Search code examples
f#type-providersf#-datafsharp.data.typeproviders

Is it possible to use a custom type with the FSharp.Data.CsvProvider when specifying a Schema?


I'm working in F# with a CSV that looks like this:

When,Where,HowMuch
11/24/2019,Germany,100 EUR
11/25/2019,France,100 EUR
11/26/2019,Switzerland,50 CHF
11/27/2019,USA,75 USD

I'm using the CSV Type Provider in the FSharp.Data package to parse this data.

type CurrencyDetector = CsvProvider<"Currencies.csv">

Obviously the first column is a date, and the second is a string.

For the third, I'd like to use this type:

type Money (amountAndDenomination : string) =

    let parts = amountAndDenomination.Split ' '

    member __.Amount = Decimal.Parse parts.[0]
    member __.Denomination = parts.[1]

I've tried a few permutations of the Schema argument in my CsvProvider line, but nothing has worked so far. For example:

type CurrencyDetector = CsvProvider<"Currencies.csv",Schema="When (date),Where (string),HowMuch (Money)">

When comes out as DateTime and Where as string, but HowMuch becomes a string property named HowMuch (Money):

Demonstration of type provider properties in use

Is there a way to use my own classes with the CsvProvider, or is this just not possible?


Solution

  • According to the documentation for the CsvProvider, I don't think it is possible:

    Schema parameter: "Optional column types, in a comma separated list. Valid types are int, int64, bool, float, decimal, date, guid, string, int?, int64?, bool?, float?, decimal?, date?, guid?, int option, int64 option, bool option, float option, decimal option, date option, guid option and string option. You can also specify a unit and the name of the column like this: Name (type<\unit>), or you can override only the name. If you don't want to specify all the columns, you can reference the columns by name like this: ColumnName=type."

    Note in the above, however, that there is the possibility of using units of measure. So you might explore creating units of measure for the currency denominations. The type provider might require a different format for that column though.

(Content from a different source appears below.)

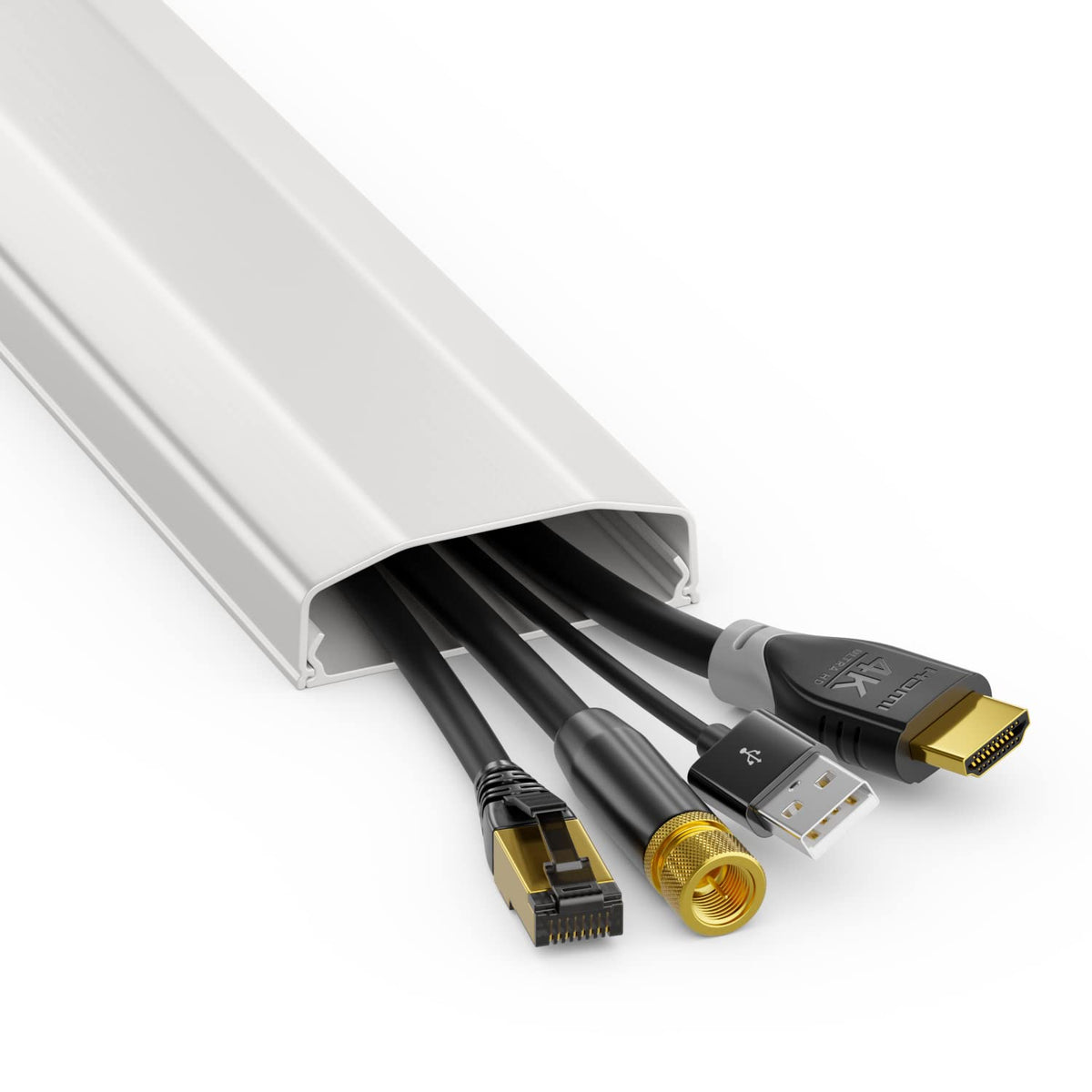 deleyCON Universal Kabelkanal Leitungskanal PVC 100cm 6x2cm - Weiß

    In the documentation for the CSV Type Provider, you can find further information about units of measure and also how to "transform the columns themselves by using Map", which should enable you to map the string type to a custom type. Looking at the source code, suggests that the Rows collection is a sequence of Row objects, each of which is a tuple. So you should be able to use Seq.map and/or any other function in the Seq module to post-process the generated collection.